Appendix A. Workshop Summary

Eighteen scientists from universities and federal laboratories (Appendix F) with research interests in zooplankton and fish ecology met in Denver during 16-17 June 1992 to outline the scientific issues and formulate a research plan for a U.S. GLOBEC program in the Arabian Sea. The charge to the group was to define the scientifically interesting questions, relative to zooplankton and fish ecology, posed by the unique conditions of the circulation of the northern Arabian Sea. The seasonally reversing monsoon winds cause massive changes in the physical and biological phenomena of the region. The group was also charged with producing a series of hypotheses about and a plan of research on the upper trophic levels of the Arabian Sea. Following background presentations on the physical circulation (Don Olson) and numerical modelling of the physics (Mark Luther) of the Arabian Sea, three working groups were formed to address questions associated with zooplankton, fish and technology.

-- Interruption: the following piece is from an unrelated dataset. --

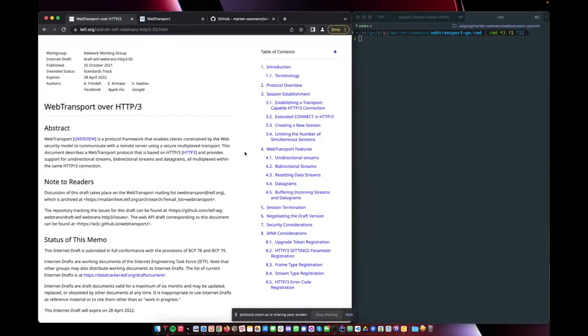I'm going to present what I've been hacking on for the last couple of weeks. It's called WebTransport. WebTransport is a new protocol developed by the IETF and the W3C.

Reports of the working groups follow this summary.

Working group discussions centered around the question of how structure and dynamics of the pelagic biota differ between the coastal Arabian Peninsula and the central Arabian Sea upwelling regions. Structure includes species composition, distribution, abundance and genetics, and dynamics includes population dynamics, individual vital rates and trophic interactions. The two upwelling regions differ dramatically in scale as well as in the physical mechanism responsible for the upwelling.

Major questions to emerge from the workshop discussions were: What are the trophodynamic links between the high and sustained primary productivity of the southwest monsoon and the large populations and biomasses of midwater myctophids, especially Benthosema pterotum, in the Arabian Sea? What is the fate of the enhanced primary production associated with the southwest monsoon in the central Arabian Sea?

The zooplankton working group also considered these questions (Appendix B): What is the response of the zooplankton populations to the strongly seasonal physical forcing? How does the strong seasonality affect species composition and abundance and trophodynamic linkages among the higher trophic levels? How do the population dynamics (vital rates) of the zooplankton respond to changes in the physical environment associated with the southwest monsoon, northeast monsoon and transitional periods?

The fish working group focused on the large standing stocks of myctophids, especially of Benthosema pterotum, in the slope-water regions of the northern Arabian Sea (Appendix C). The group proposed as a general hypothesis that the large stocks of myctophid fish and their high growth rates in the north Arabian Sea are a function of regional physical conditions. Several specific hypotheses were formulated. Among them: Myctophids are protected from daytime predation at depth by descent into dysoxic waters. Rapid growth is promoted by the unusually high productivity associated with both coastal and open sea upwelling. Variations in myctophid abundance are related to topography.

Both the zooplankton and the fish working groups discussed preliminary sampling plans. Central to their discussion was an onshore-offshore transect across the northern Arabian Sea, with sampling sites within the Oman coastal upwelling domain, the offshore upwelling domain and the permanently oligotrophic, downwelling domain further to the southeast.

Discussion in the technology issues working group (Appendix D) focused on methods for rapid and quantitative description of the distribution and abundance of zooplankton and fish. Among the topics discussed were multiple frequency acoustics, optical imaging, conventional nets, pump samplers and molecular systematics. The group also discussed the measurement of population dynamical rates, such as consumption, birth and growth.